L’anticristianesimo in mostra
Posté par atempodiblog le 13 novembre 2015
L’anticristianesimo in mostra
di Giuliano Guzzo
Niente visita alla mostra «Bellezza Divina» in corso a Palazzo Strozzi, a Firenze, per i bambini della scuola elementare Matteotti, importante presidio alle porte del centro: è per venire incontro alla sensibilità delle famiglie non cattoliche dato il tema religioso della mostra, fanno sapere dal consiglio interclasse con cui è stata presa la decisione. Intanto a Lucca, dal 21 novembre prossimo, prenderà il via una mostra fotografica Photolux con esposto anche Andres Serrano, autore di «Piss Christ» («Cristo di piscio», letteralmente), una fotografia del 1987 che mostra un Crocifisso immerso nell’urina: ma di scuole che abbiano escluso di voler visitare questa seconda mostra – che pare abbia persino il patrocinio del Ministero per i Beni e le Attività Culturali e il Turismo, oltre che del Comune di Lucca e della Provincia – al momento non si ha notizia.
Sono i piccoli ed enormi paradossi di questo tempo apparentemente dominato da variopinto pluralismo ma in realtà estremamente coordinato, persino conformista, quando si tratta di esibire ostilità al Cristianesimo. Come si spiega il fenomeno? Certamente gli errori – gli orrori, in alcuni casi – di alcuni uomini di Chiesa possono aver generato in molti ostilità verso la religione cristiana. Ma l’atteggiamento ben più benevolo che il mondo della cultura – lo stesso che non fa mistero del proprio anticristianesimo – per esempio riserva generalmente al comunismo, dei cui orrori non si è mai parlato abbastanza a dispetto delle decine di milioni di vittime innocenti, conferma come il problema sia di altra natura e come le colpe che si rimproverano ai cristiani, più che altro, siano pretesti dietro ai quali serpeggia altro.

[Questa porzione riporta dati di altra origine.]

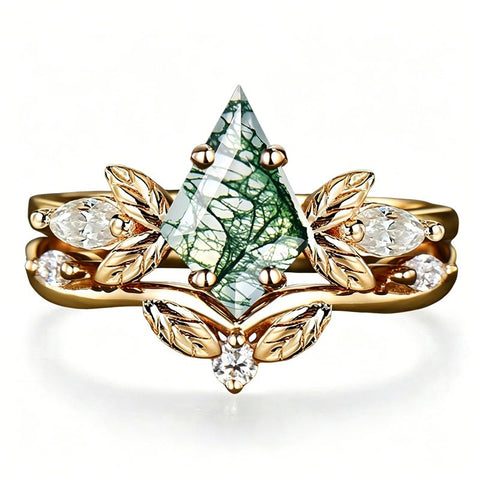 Sterling Silver 2CT Moss Agate  Engagement Wedding Ring Sets for Women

Su cosa esattamente sia questo “altro” si potrebbero scrivere libri, ma voglio azzardare un’ipotesi per spiegare contemporaneamente l’ostilità laica, per così dire, al Cristianesimo e lo scarso attaccamento di cui non di rado gli stessi cristiani, in nome del Dialogo – divinità nuova ma sostenuta da devozione fervente -, danno prova rispetto al proprio Simbolo.

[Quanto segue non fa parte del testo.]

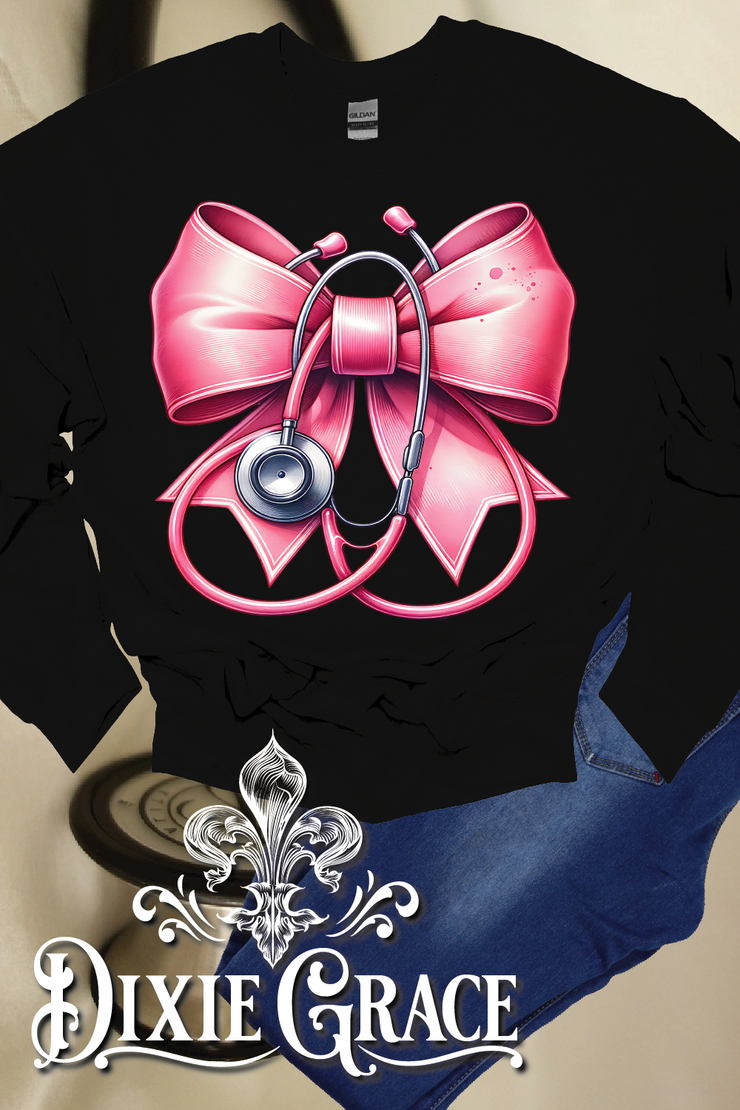 Pink Bow w/ Steth - Black - Personalization Option - Graphic Tee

L’ipotesi, in sé semplice, è che ancora oggi ci si vergogna di Gesù Cristo. Così come duemila anni fa venne preso a bastonate e sputi oggi la Sua immagine viene vilipesa, e come allora i suoi, a partire da Pietro, si vergognarono di Lui lasciandolo solo oggi è più facile incontrare battezzati inclini a spiegare quanto siano belli amore e perdono, o persino a sconsigliare mostre dal sapore cristiano, piuttosto che pronti a ripetere senza esitazione chi sia, Lui solo, «la Via, la Verità e la Vita».
Se siamo insomma al punto in cui siamo, con l’anticristianesimo dentro e fuori le mostre, non è per un deficit di cultura democratica o per una sovrabbondanza di egoismo; né c’entrano la scarsa conoscenza della Costituzione o il tramonto delle buone maniere. Il guaio è difatti più serio e deriva dal fatto che l’uomo – dalla Giudea all’Unione Europea – in fondo non è poi così cambiato. C’è sempre una immensa difficoltà a fare i conti con Gesù perché Costui non è entità astratta e non può essere liquidato come questione filosofica, essendo stato un uomo convinto di essere il Figlio di Dio; non ha detto “amico”, “simpatizzante”, “emissario”, no: ha preteso di essere proprio il Figlio di Dio. E il fatto che per questo abbia accettato una morte orrenda mentre invece l’uomo non riesce ad accettare neppure una vita agiata senza sperimentare tormenti, disturba. Lasciando intatta la stessa domanda di allora: «Quid est veritas?».